The silence broke when the Army buddy called back and Williams asked Marti: “What’s my curfew?”
“If it closes at 9, then 10,” she said.
Williams hung up the phone.
The tension eased when Williams puts his thumb up to Jewels’ nose and said: “I got your nose.”
Aleeya joined the fun, and the two girls dove into their father’s lap. He tickled them, and they giggled.
He left for Mr. Biggs later that afternoon.
Trapped in Topeka
On the Wednesday before Thanksgiving, it was Iishshaa’s turn to have the girls. She had to drive from Kansas to Colorado Springs to pick them up, but she didn’t show.
Iishshaa lives in Topeka with a roommate and has two jobs, one at a restaurant and one at a home for the mentally ill. She said she’s trying to save to buy a car so she can get to Colorado to visit the girls, whom she hasn’t seen since Sept. 12.
She has met with legal services and wants to get her girls back or to revise the visitation schedule.

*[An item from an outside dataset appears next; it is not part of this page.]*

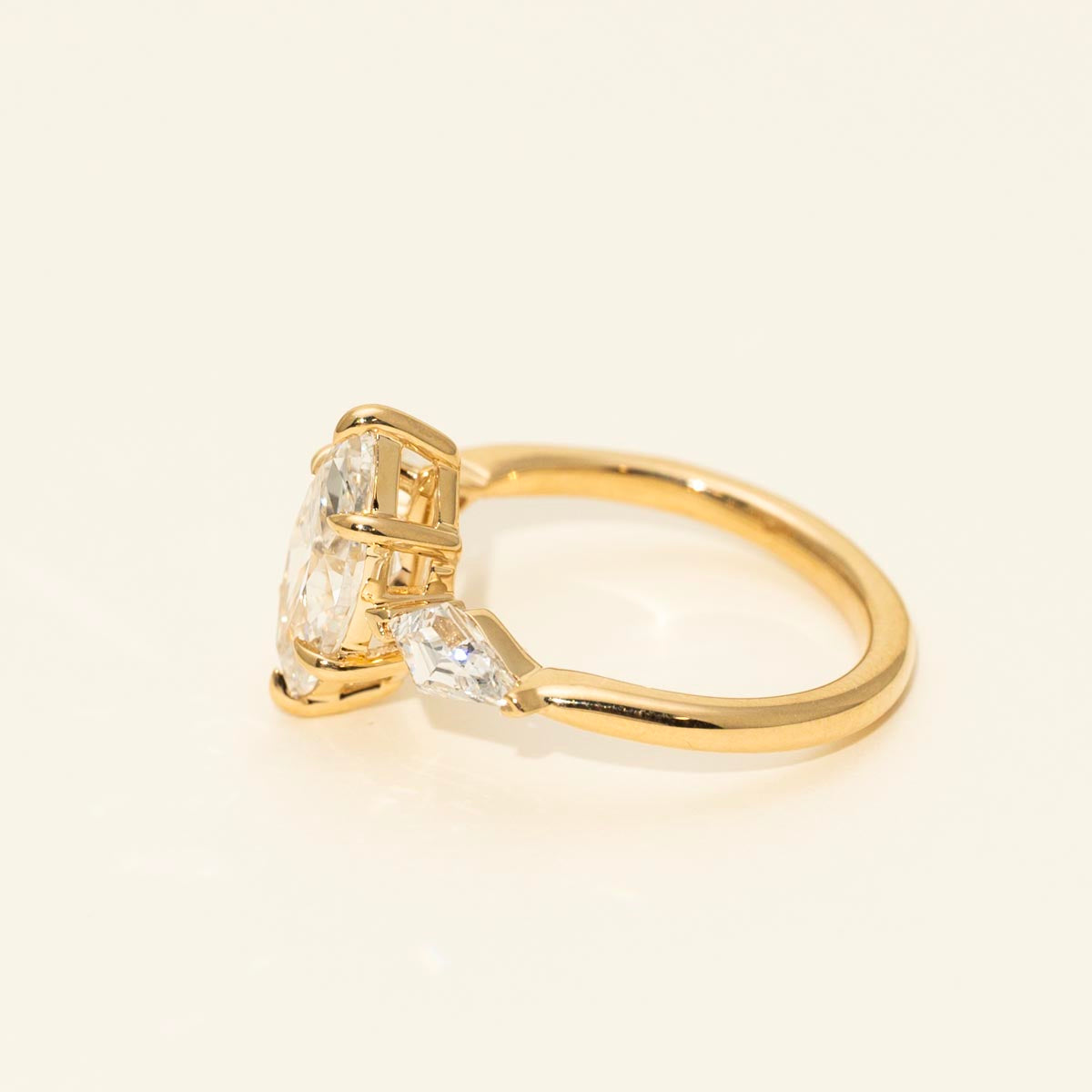 Lab Grown Marquise and Kite Shape Diamond Engagement Ring in 14kt Yellow Gold (2ct tw)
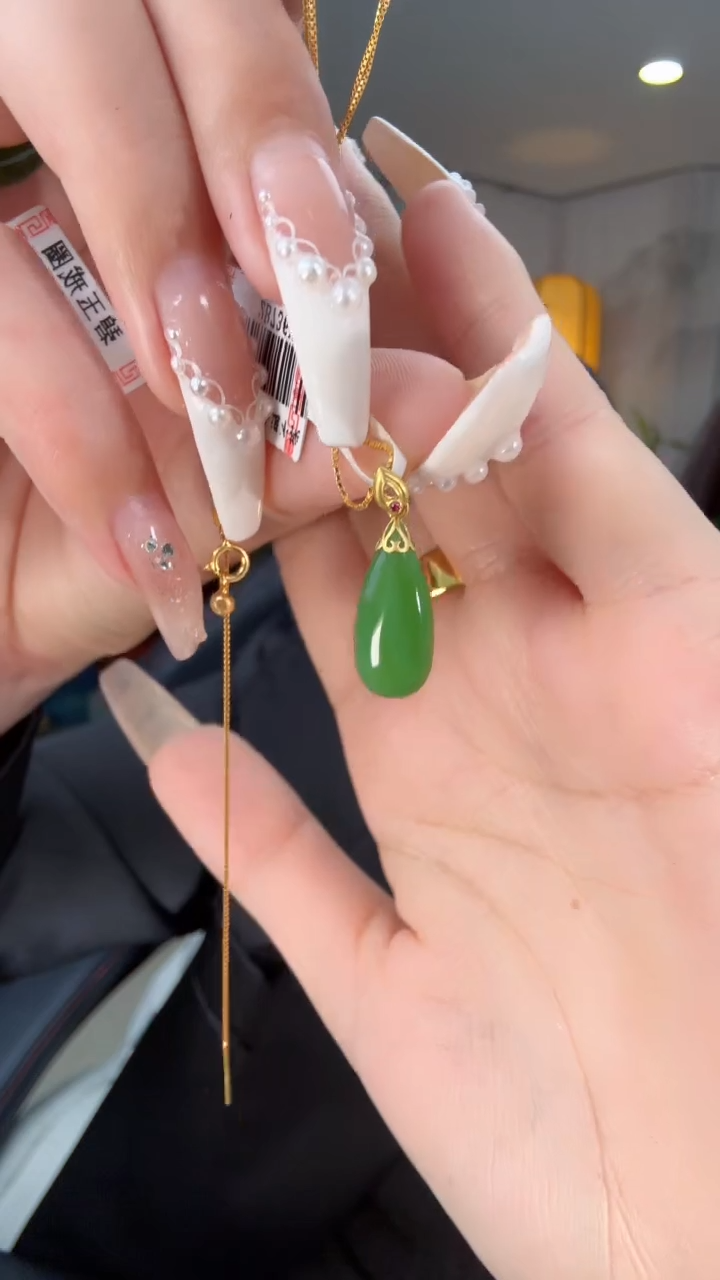 【闪购商品】和田玉吊坠(不含链)18K金镶嵌碧玉水滴吊坠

A week before Thanksgiving, she learned through Williams’ sister that he had remarried. She said she still loved him, especially the part of him she sees in the girls.
“I made some mistakes, but I wasn’t the only one making mistakes,” Iishshaa said. “I’m not going to incriminate myself. I kissed one guy, but I didn’t have an affair.”
The doctors told her after her suicide attempt that she should be on medication for depression, but she cannot afford the $3-per- pill cost.
On Thanksgiving Day, Wil liams and Marti loaded the Toyota Corolla with the girls and headed east on U.S. 24, over the grassy plains of Colorado, to spend the holiday with their families in Clay Center and Kearney.
He gazed out over the road and could hear the girls giggling in the back seat as they watched a Garfield movie on a portable DVD player.
Williams stopped at McDonald’s in Colby, Kan., and bought the girls Happy Meals.
As he drove the last leg of the trip, he looked out over the dashboard. There were no birds swooping in front of the car. For the moment, the horizon seemed clear.